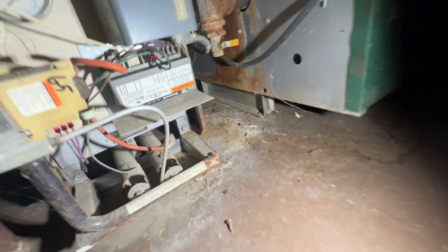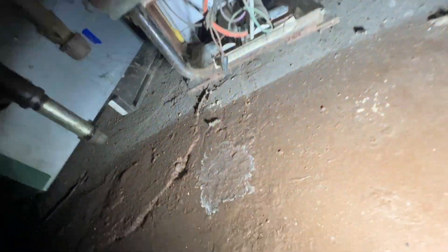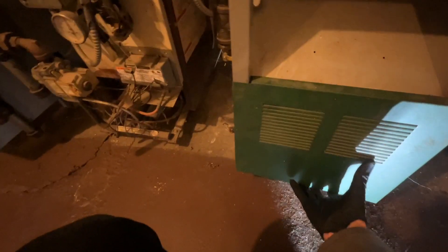I am down in the basement now going to the boiler room. I just checked one of the apartments — they do in fact have heat, all the radiators are warm. Let's take a look at the boilers and see if there's anything obvious wrong with any of them. This is electronic ignition so that one's not going to have a pilot — this one's running, that one's also running. Let me pull the cover off this one. I think there's a light switch in here I can turn on.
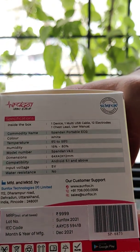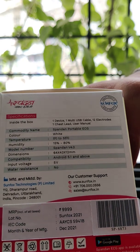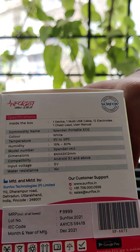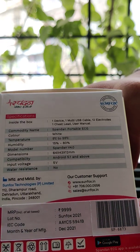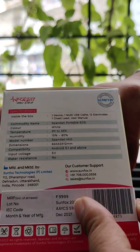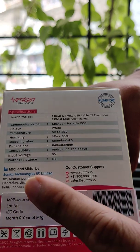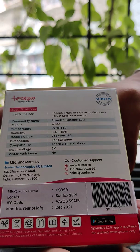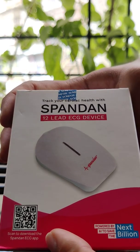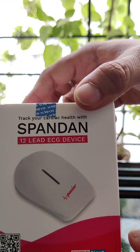Looking at the specifications: you get the device itself, one multi USB cable, 12 electrodes, one chest lead, and a user manual. It is a white colored portable ECG device that can operate in a temperature range of 5°C to 55°C, so it has a wide usable range. The price on the box is listed as ₹9,999, but I got it from the website for around ₹7,500. They also have a special app — the Spandan ECG application — which you can download from the Google Play Store.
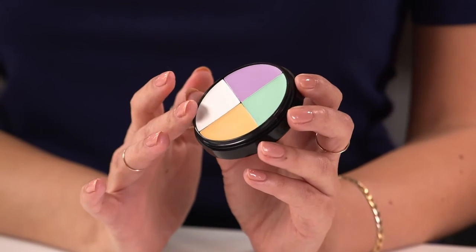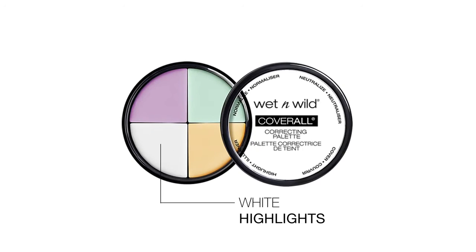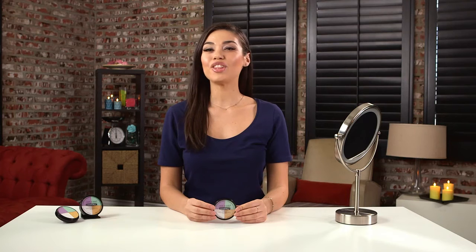The white works great as a highlight, and I love to use the purple to cancel out any yellow discoloration in the skin. And those are some tips and tricks on how to use the Coverall Correcting Palette from Wet n Wild.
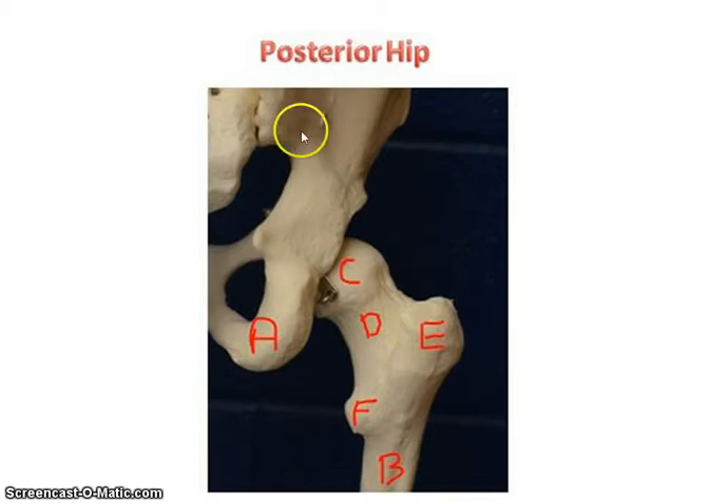Now looking at the hip from the posterior region — from the back — you can see the pubis bone up here and the ischium. This is the femur, the proximal aspect of the femur. This is the head of the femur, which articulates with that acetabulum. You can see how deep that is — unlike the shoulder, it's much deeper and a much more stable joint. Below the head, you have the neck. Then you have these two bumps; like we had tubercles with the humerus, we have trochanters with the femur. This is the greater trochanter — it's larger and on the lateral side. You can actually feel it if you put your fingers below your hip and rotate your foot.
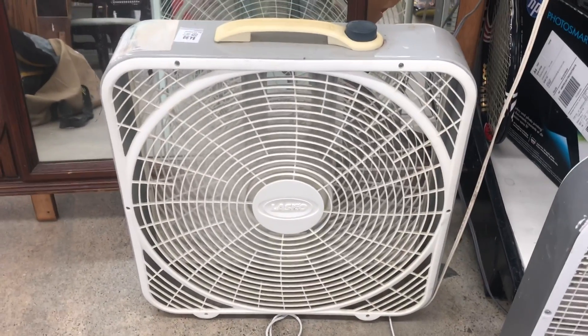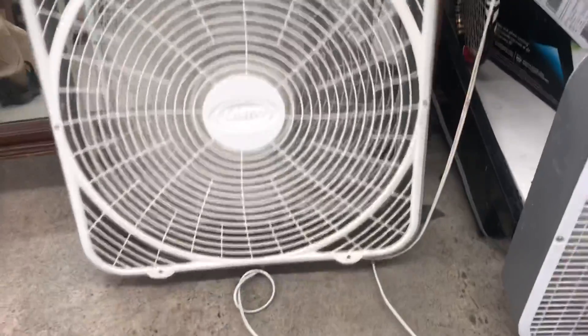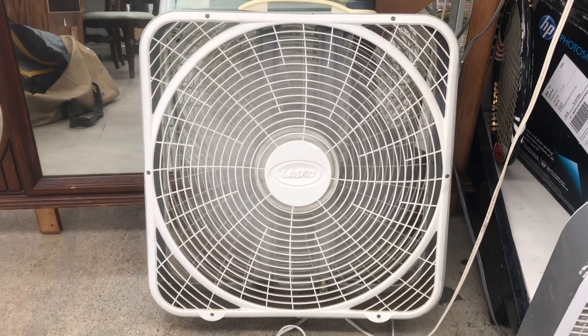They aren't bad for what they are, honestly. I prefer some of the vintage ones to be honest. But it falls down easily.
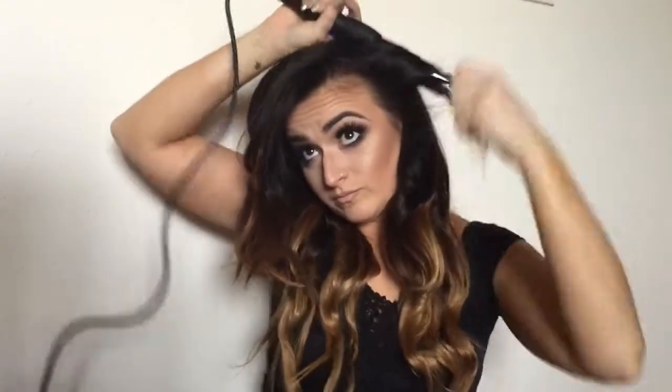So make sure you get a heat glove — I know Numi has some and a lot of beauty supply stores carry them, so that's definitely a good thing to invest in. After you get the whole way around your head, I like to go back and take some of my shorter pieces and just do them one more time to give them a little bit of extra body and shape if they're looking a little straight or just to give it a little more movement.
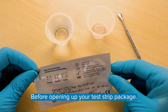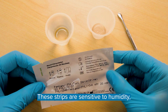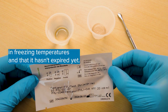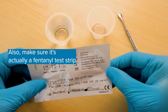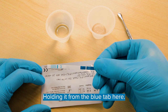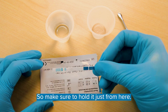Before opening up your test strip package, inspect for any visible defects — any rips, tears, or punctures anywhere on the package. These strips are sensitive to humidity, so we want to use them right after they've been opened. Make sure it hasn't been stored in freezing temperatures and that it hasn't expired yet. Also make sure it's actually a fentanyl test strip, as there are different kinds. Open up your test strip, holding it from the blue tab here, and check to make sure it says fentanyl on it. Holding it from anywhere else can invalidate the test, so make sure to hold it just from here.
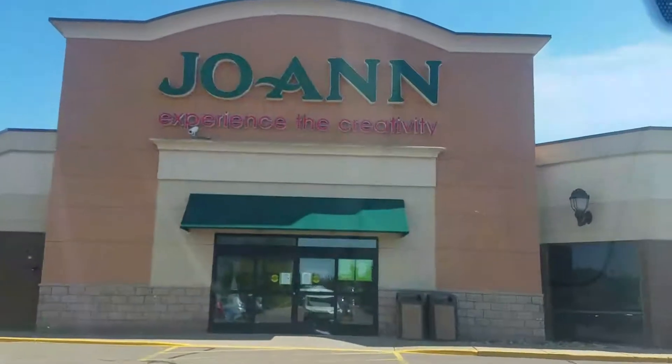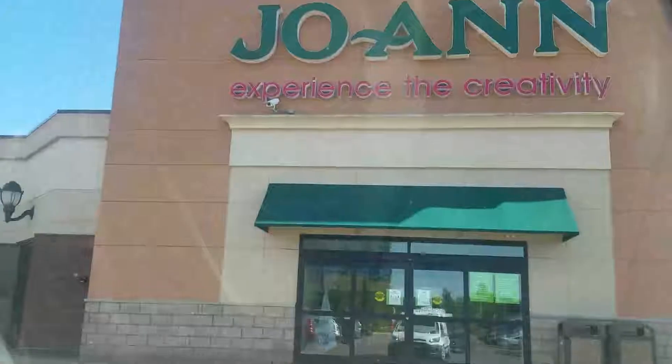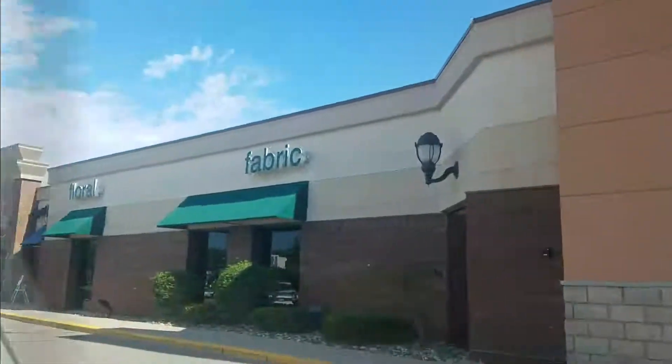Hey friends. Today is the first day I actually go to the fabric store to purchase fabric on my own. First time ever. Stick around, see what happens.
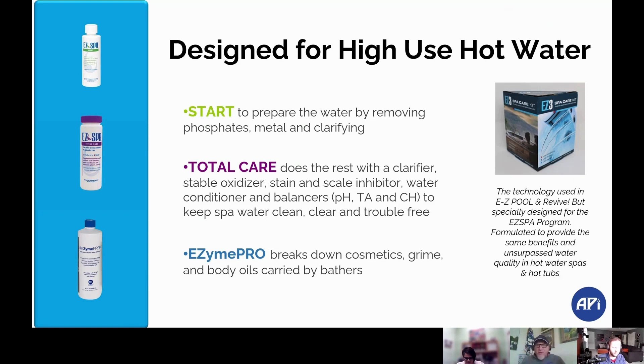E-Zine Pro actually breaks down all of the residue that you, as a bather, leave in the spa. So if you don't want a tepid pool of your own filth — like Kramer says on Seinfeld — using E-Zine Pro breaks down the leftover contaminants that washed off of you into the spa.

####

*Task item*.
Exclude the pictures and repeat the entries word for word.

*Written response*.
I am down in the basement now going to the boiler room. I just checked one of the apartments — they do in fact have heat, all the radiators are warm. Let's take a look at the boilers and see if there's anything obvious wrong with any of them. This is electronic ignition so that one's not going to have a pilot — this one's running, that one's also running. Let me pull the cover off this one. I think there's a light switch in here I can turn on.
Looking at the specifications: you get the device itself, one multi USB cable, 12 electrodes, one chest lead, and a user manual. It is a white colored portable ECG device that can operate in a temperature range of 5°C to 55°C, so it has a wide usable range. The price on the box is listed as ₹9,999, but I got it from the website for around ₹7,500. They also have a special app — the Spandan ECG application — which you can download from the Google Play Store.
The white works great as a highlight, and I love to use the purple to cancel out any yellow discoloration in the skin. And those are some tips and tricks on how to use the Coverall Correcting Palette from Wet n Wild.
Now looking at the hip from the posterior region — from the back — you can see the pubis bone up here and the ischium. This is the femur, the proximal aspect of the femur. This is the head of the femur, which articulates with that acetabulum. You can see how deep that is — unlike the shoulder, it's much deeper and a much more stable joint. Below the head, you have the neck. Then you have these two bumps; like we had tubercles with the humerus, we have trochanters with the femur. This is the greater trochanter — it's larger and on the lateral side. You can actually feel it if you put your fingers below your hip and rotate your foot.
They aren't bad for what they are, honestly. I prefer some of the vintage ones to be honest. But it falls down easily.
So make sure you get a heat glove — I know Numi has some and a lot of beauty supply stores carry them, so that's definitely a good thing to invest in. After you get the whole way around your head, I like to go back and take some of my shorter pieces and just do them one more time to give them a little bit of extra body and shape if they're looking a little straight or just to give it a little more movement.
Before opening up your test strip package, inspect for any visible defects — any rips, tears, or punctures anywhere on the package. These strips are sensitive to humidity, so we want to use them right after they've been opened. Make sure it hasn't been stored in freezing temperatures and that it hasn't expired yet. Also make sure it's actually a fentanyl test strip, as there are different kinds. Open up your test strip, holding it from the blue tab here, and check to make sure it says fentanyl on it. Holding it from anywhere else can invalidate the test, so make sure to hold it just from here.
Hey friends. Today is the first day I actually go to the fabric store to purchase fabric on my own. First time ever. Stick around, see what happens.
E-Zine Pro actually breaks down all of the residue that you, as a bather, leave in the spa. So if you don't want a tepid pool of your own filth — like Kramer says on Seinfeld — using E-Zine Pro breaks down the leftover contaminants that washed off of you into the spa.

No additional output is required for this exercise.